Here’s Java declaring a function variable:

class WhoCares {

  // Not a typo, Java cares strongly about types, so this function only works with Integers
  public static void interate(Function<Integer, Integer> loop, int n, int initalValue) {
    int value = initialValue;

    for (i = 0; i < n; i++) {
      value = loop.apply(value);
    }
  }

  public static void main() {
    interate(i -> i + 1, 5, 0); // Returns 4
    interate(i -> i == 1 ? i - 1 : i + 1, 2, 0); // Returns 0
  }

}

Here’s a function that executes a function n times. Of course, it needs some starting value to work with as well. Lambdas in Java are declared like (arg1, arg2, ...argN) -> {expression that maybe returns a value}. The compiler figures out how to turn these into objects and it’s all a big mess I don’t want to get into. JavaScript is much easier since functions are first class citizens and have been since the ‘90s.

// JavaScript is very loose with its typing, which is powerful and dangerous and confusing
function iterate(loop, n, initialVaue) {
  var value = initialValue;

  for (var i = 0; i < n; i++) {
    value = loop(value);
  }

  return value;
}

// remember the '90s, returns 4
iterate(function addOne(i) { return i + 1; }, 5, 0);

// modern, screaming
iterate(value => value + value, 5, "a");

Simply declaring a function does not execute the function. Nothing happens until someone invokes it, and it is only then that the parameters are known. In the above example, the first parameter loop is invoked within a for-loop the output of its last run fed in. When you’re reading this code, you have to mentally insert the body of the lambda like i -> i + 1 into the place where it’s eventually called to understand what’s going on.
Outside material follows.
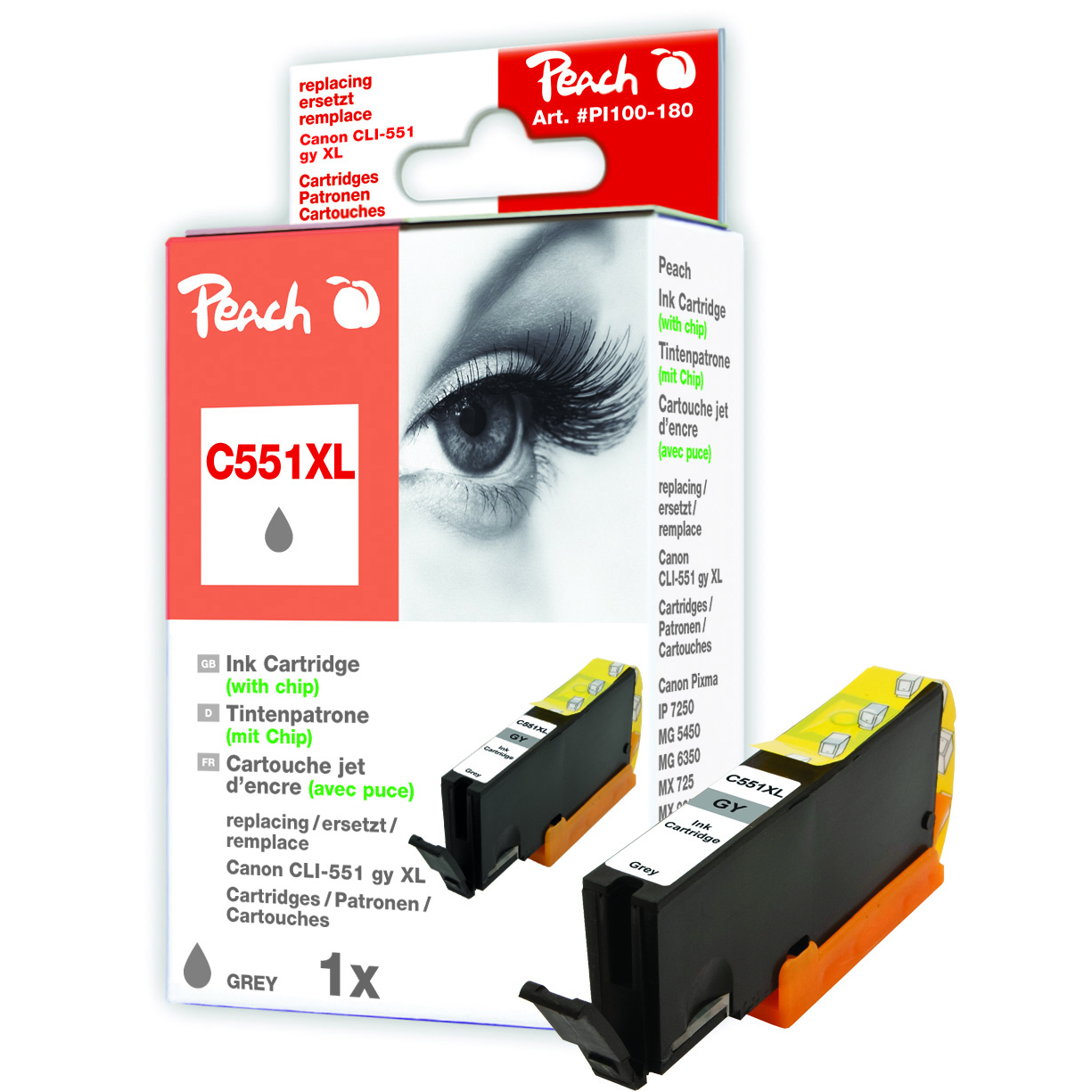Atrament Peach CLI-551Gy XL komp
Let’s unwrap iterate(value => value + value) real quick:

// This example bakes in the function parameter { value => value + value }
function iterate(n, initialValue) {
  var value = initialValue;

  for (var i = 0; i < n; i++) {
    value = value + value;
  }

  return value;
}

If you work with these concepts enough, you’ll build intuition about them pretty quick.
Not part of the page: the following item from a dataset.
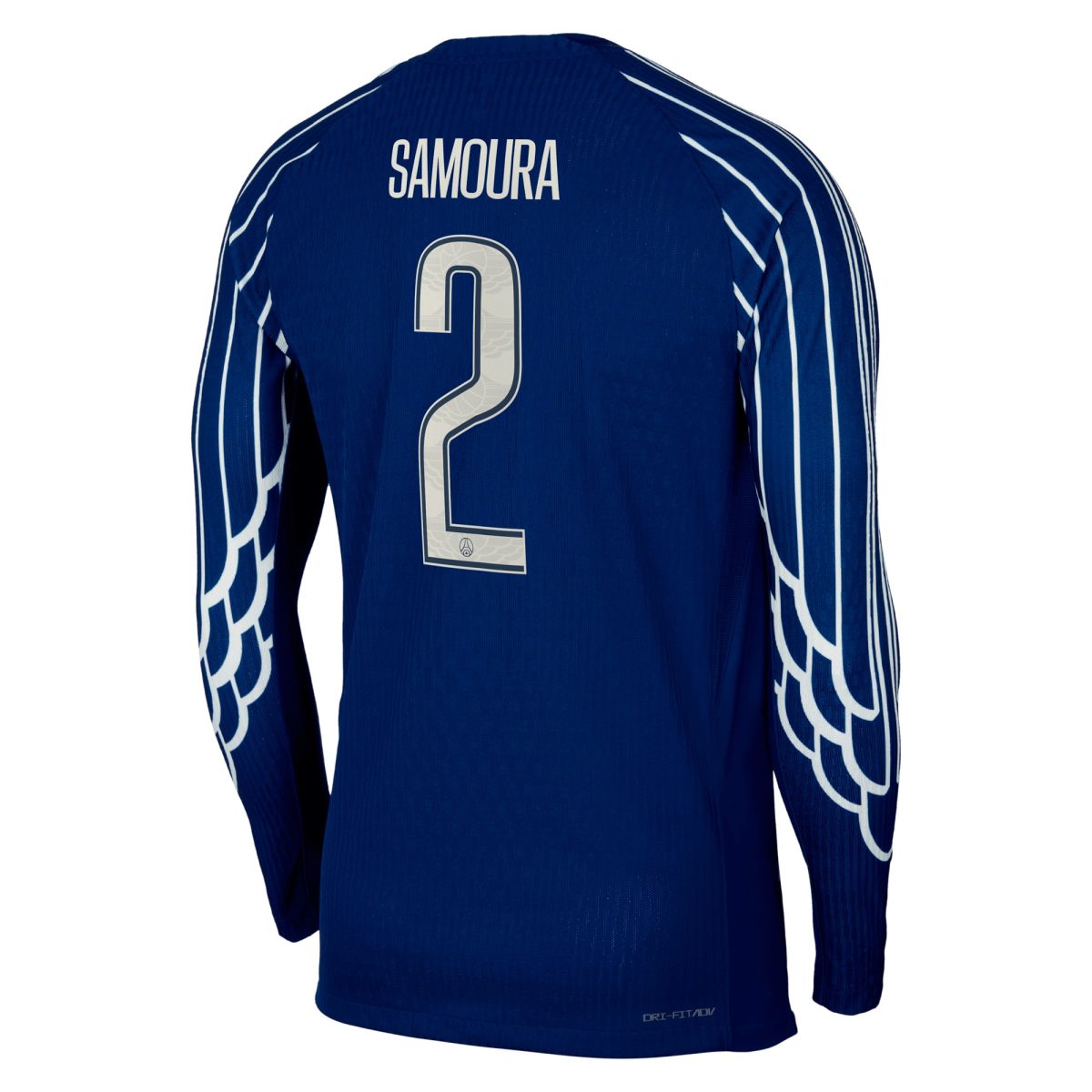 Exklusive psg jordan viertes dri-fit adv match-shirt 2024-25 – langarm – kinder mit samoura 2-aufdruck Kollektion – Premium Paris Saint Germain Trikots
That’s about all I want to say about these function variables. They’re powerful tools that open up new possibilities for asynchronous programming, improve testability, and let you build monads. The common “arrow” syntax for declaring them lets you build very expressive code. They’re also essential for implementing closures, but they’re just the first building block. To close the loop, we need the tail for the snake to bite.

(As an aside, function variables are what rust refers to as closures. I’m still mystified as to why.)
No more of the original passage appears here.